## ABOUT THIS EXERCISE
Copy the data precisely, character for character, and leave out every picture.

## SOURCE DATA
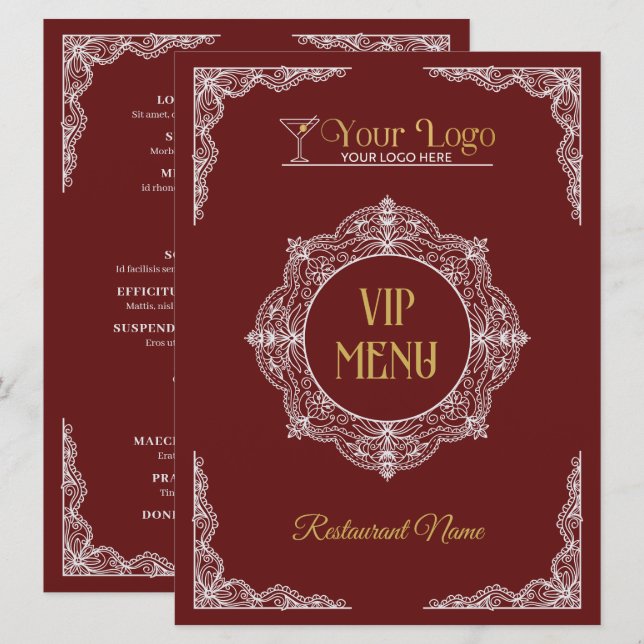 Röd Handritad Elegant Ornamenterad Din Logotyp VIP Meny (Fram/baksida)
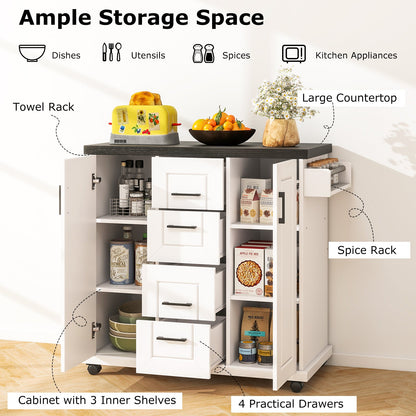 Carro de cocina rodante con ruedas y gabinetes de almacenamiento - Blanco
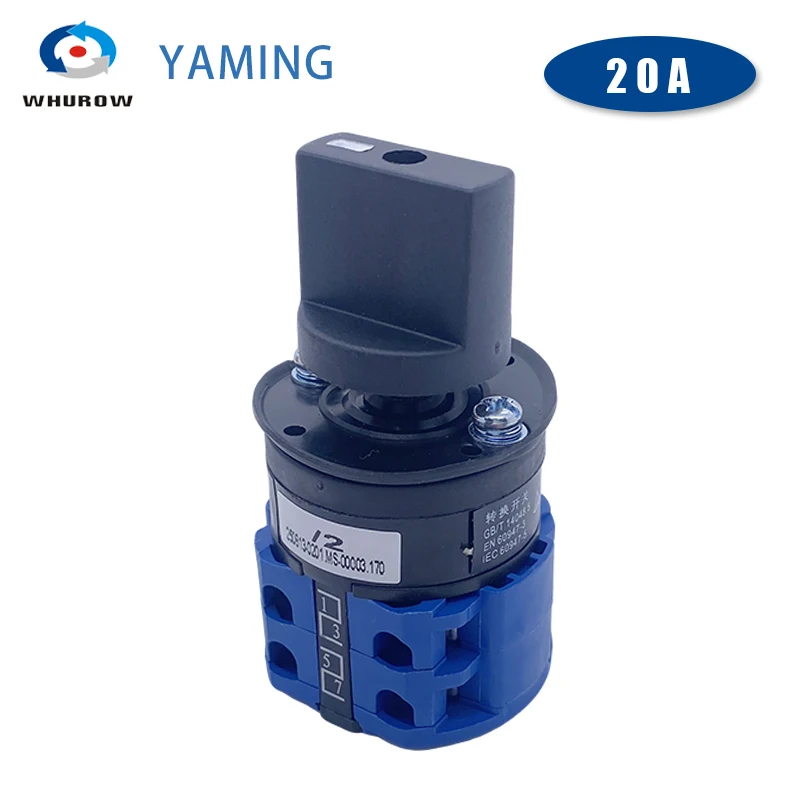 Screw Mounted 20A Cam Switch ON-OFF-ON 3 Position 8 Terminals 1-6 Layers Changeover Rotary Selector LW26-20 LW28 YMW26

## WORKED SOLUTION
 Röd Handritad Elegant Ornamenterad Din Logotyp VIP Meny (Fram/baksida)
 Carro de cocina rodante con ruedas y gabinetes de almacenamiento - Blanco
 Screw Mounted 20A Cam Switch ON-OFF-ON 3 Position 8 Terminals 1-6 Layers Changeover Rotary Selector LW26-20 LW28 YMW26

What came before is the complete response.